Second, these live TV services must shoulder the same routine carriage fee hikes that have made cable and satellite TV more expensive over time. When a network demands more money for effectively the same content, TV providers have little ability to refuse unless they’re willing to lose popular channels, and their customers ultimately pay those higher costs. It’s probably no coincidence that PlayStation Vue’s latest price hike comes immediately after Sony reached new deals with AMC Networks, Discovery, NBCUniversal, and Turner Networks, which together comprise about a third of Vue’s channel lineup.

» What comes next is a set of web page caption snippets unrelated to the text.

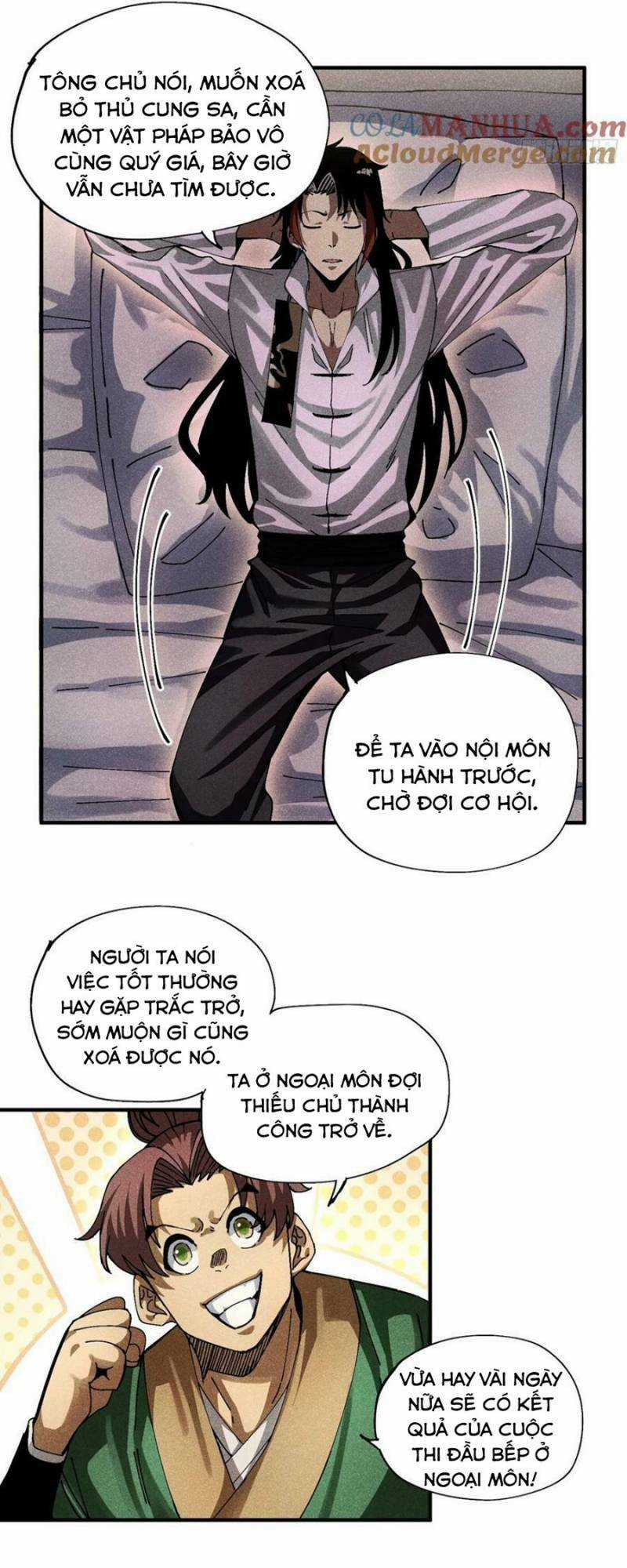 Thiếu Chủ Ma Giáo Có Thủ Cung Sa Chapter 37 trang 15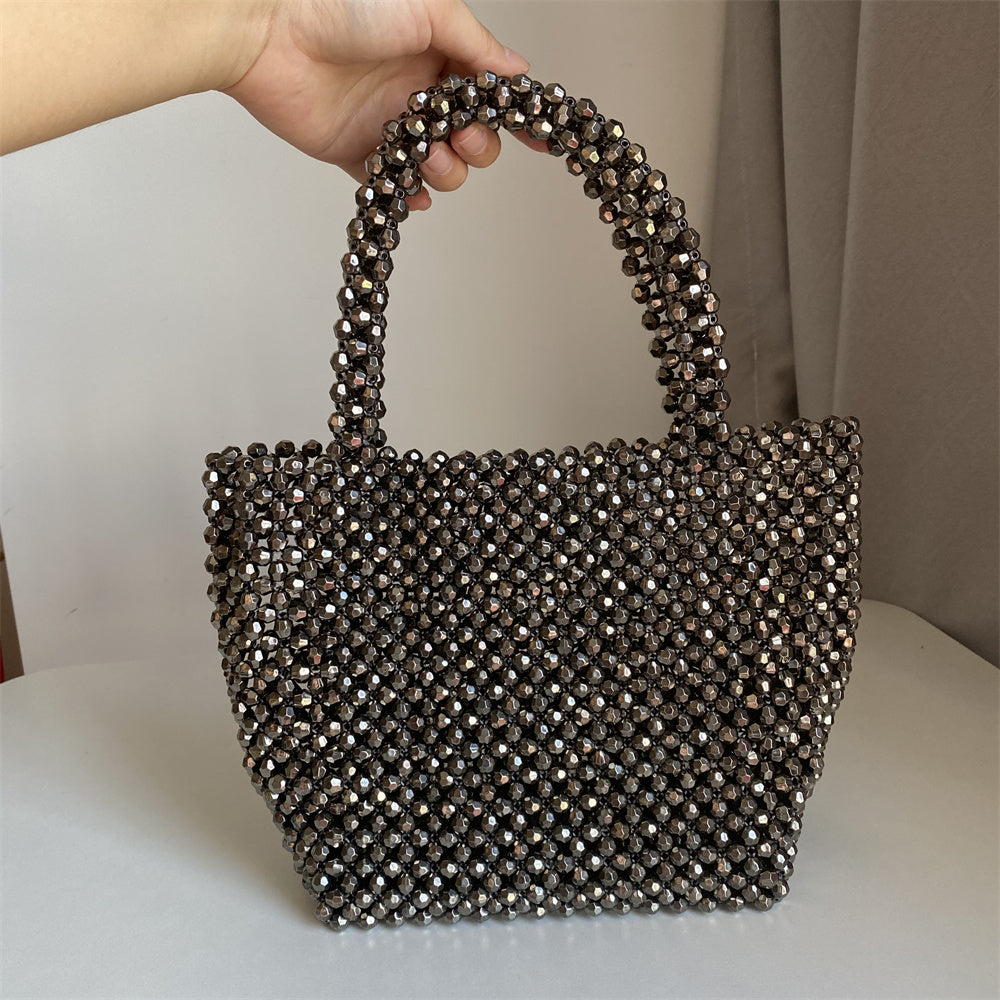 Fashion Silver Bead Purses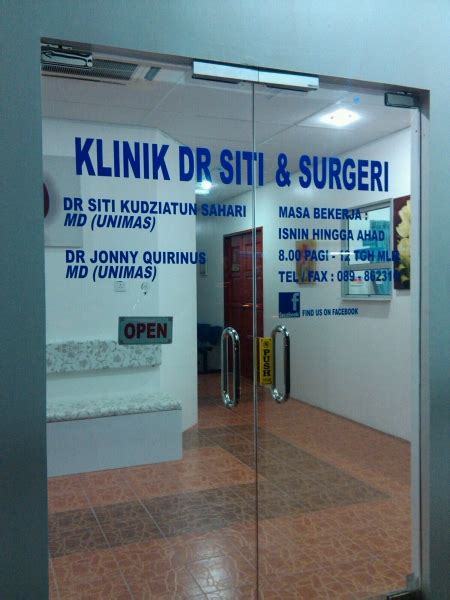 Klinik pergigian shah alam kedua ialah klinik pergigian seksyen 19. KLINIK DR SITI & SURGERI (Lahad Datu, Malaysia) - Contact ...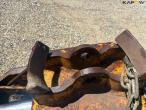Skovl til kran med hydraulisk rotor 12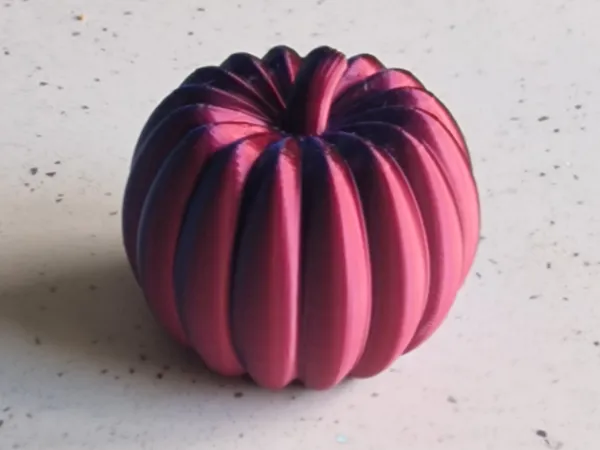 Petite citrouille décorative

Finally, live TV streaming services have been under pressure for operating at slim to negative profit margins. At its previous price of $40 per month, for instance, YouTube TV was reportedly losing $9 per month on every subscriber. Chasing growth at unsustainable prices might have made sense a couple years ago, but as these services’ audiences expand, so do their total losses. Obviously price hikes help stop the bleeding.
Why the worst may have passed
Despite all the upward price pressure, I’m cautiously optimistic that the biggest price hikes are behind us, the main reason being that live TV streaming services have finally settled on pricing that gives them a path to profitability.

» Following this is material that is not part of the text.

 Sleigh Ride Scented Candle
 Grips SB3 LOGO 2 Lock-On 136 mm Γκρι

FuboTV, for instance, is now “gross margin positive” at its current $55-per-month base price, CEO David Gandler tells me. That means when you factor in ad revenue, add-on packages, and extra services (such as more DVR storage), the company makes more money per subscriber than it spends.
Even for services that are still in the red, or close to it, growing ad revenue could help turn things around. FuboTV, for instance, now makes $4 per customer in monthly ad revenue, which is double what it was earning a year ago, and the New York Times has reported that Hulu makes $9 per subscriber in monthly ad revenue for its on-demand service alone. Gandler says the uptick is because viewers are spending more time on live TV services than they used to, and because streaming TV ads are earning more per viewer.
That doesn’t mean prices won’t rise at all from here, but Gandler believes $55 to $60 per month is the ceiling for what cord-cutters will pay for live TV streaming services. At those prices, they’re still about $50 per month less than the average cable or satellite TV bill of $107 per month, and providers could become a lot more judicious about adding new channels to maintain that price buffer. And even if TV networks come looking for regular rate increases, cable and satellite providers won’t be immune to the same hikes.
Gandler, for his part, says not to expect more price increases for at least the next 12 months. “My sense is, yes, the worst has passed,” he said.
Beyond bigger bundles
Longer-term, we may also see a return to skinnier TV packages. Hulu CEO Randy Freer has floated the idea of a cheaper bundle that focuses on sports and news, rather than entertainment networks, and some cable providers—such as Spectrum—have started experimenting with more flexible packages as well. With the overall pay TV bundle business in steady decline, TV networks could become more willing to break apart their channel lineups in new ways.
TVRev analyst Alan Wolk agrees with this theory, arguing that as people start adding services like Disney+ or Apple TV+ on top of their Netflix or Hulu subscriptions, they might wonder why they’re still paying for a big bundle of cable channels.
“I think [live TV services] will reintroduce super skinny bundles—literally just broadcast networks—with add-on options for news and sports,” Wolk tells me via email.
In other words, don’t despair for the future of streaming TV channel packages. There will be plenty of ways to save money yet.